2005 novel by Lisa Jewell

First edition (publ. Penguin Books)

Vince and Joy is the fifth novel written by Lisa Jewell and published in 2005. Like her previous books, it focuses on the trials and tribulations of relationships.

==Plot==
In 2003, Vince tells his friends a story about Joy.

In July 1986, Vince and Joy meet at a holiday camp and are attracted to each other while in their late teens. Vince told Joy he had a really bad underbite and that his mother was married to his stepfather, Chris. The following morning, Joy and her family have suddenly vanished, leaving only a note in ink on the step of Vince's caravan. Due to the rain, all he can make out on the paper is, "I feel so ashamed." Vince is angry and upset that she has gone without leaving any way for him to get in contact with her.

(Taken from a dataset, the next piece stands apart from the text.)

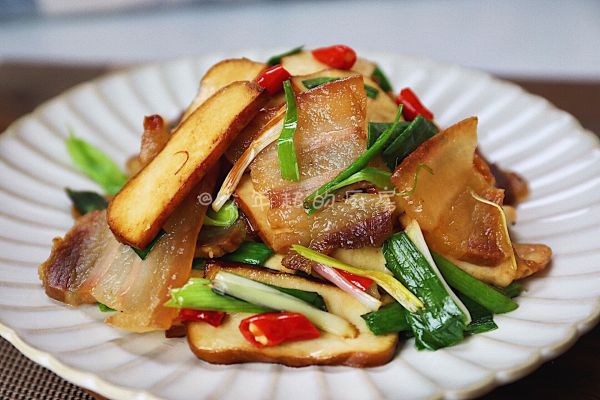 咸肉的做法（轻轻松松10个步骤做出咸肉）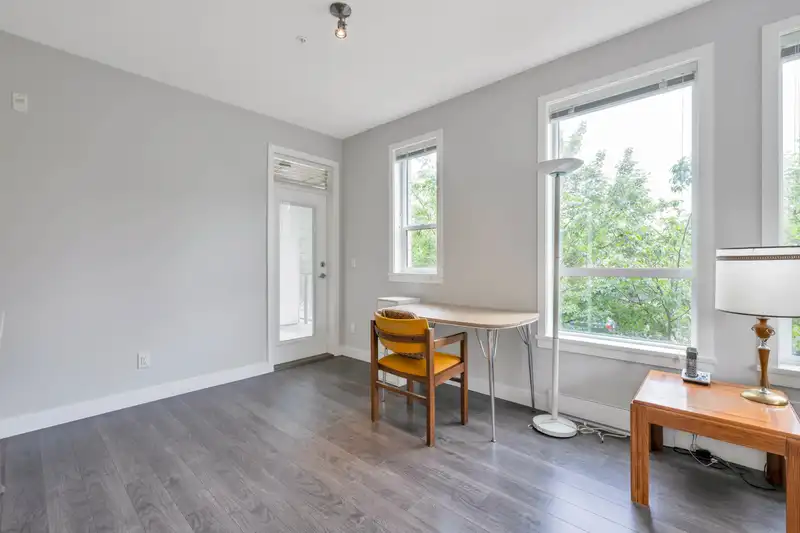 204 15388 105 AVENUE - photo 4 of 34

In September 1993, Vince has a girlfriend, Magda. He looks for a new roommate and offers the room to a superstitious woman called Cassandra McAfee. Cassandra has a cat called Madeleine who goes into Joy's house, so she follows the cat into Joy's house. On the other side of the story, Joy meets George Pole on a blind date. They eventually move in together, just before Cassandra storms into their house after the cat. The only people left are Julia, Joy's friend and Bella, a gay man. Cassandra finds out that there was a woman called Joy who used to live there and thinks it can only be fate. Joy catches sight of Vince in Oxford Street while on the bus, but does not get to meet him. At the end of this section, Vince also sees Joy going into a church ready to get married, but he does not talk to her.

In 1999, Vince is now with longtime girlfriend Jess, who he discovers is having an affair. Joy is trapped in a loveless marriage with George, who dominates her and does not allow her to have a life of her own. She eventually breaks free and she and Vince meet again in 2001, when they talk about what has happened. In April 2003, Vince finishes telling his friends the story and they advise him to find Joy. The happy ending occurs in October 2003 when, after running into an old friend of Joy's, Vince is encouraged to see her and is given her address. The novel ends before they meet again.

==Reviews==
In The Daily Telegraph, Lloyd Evans wrote that the novel was "Jewell's most satisfying novel since her wonderful debut Ralph's Party." A reviewer in The Sunday Times had a favourable impression of the novel and also compared it with Jewell's previous novel Ralph's Party.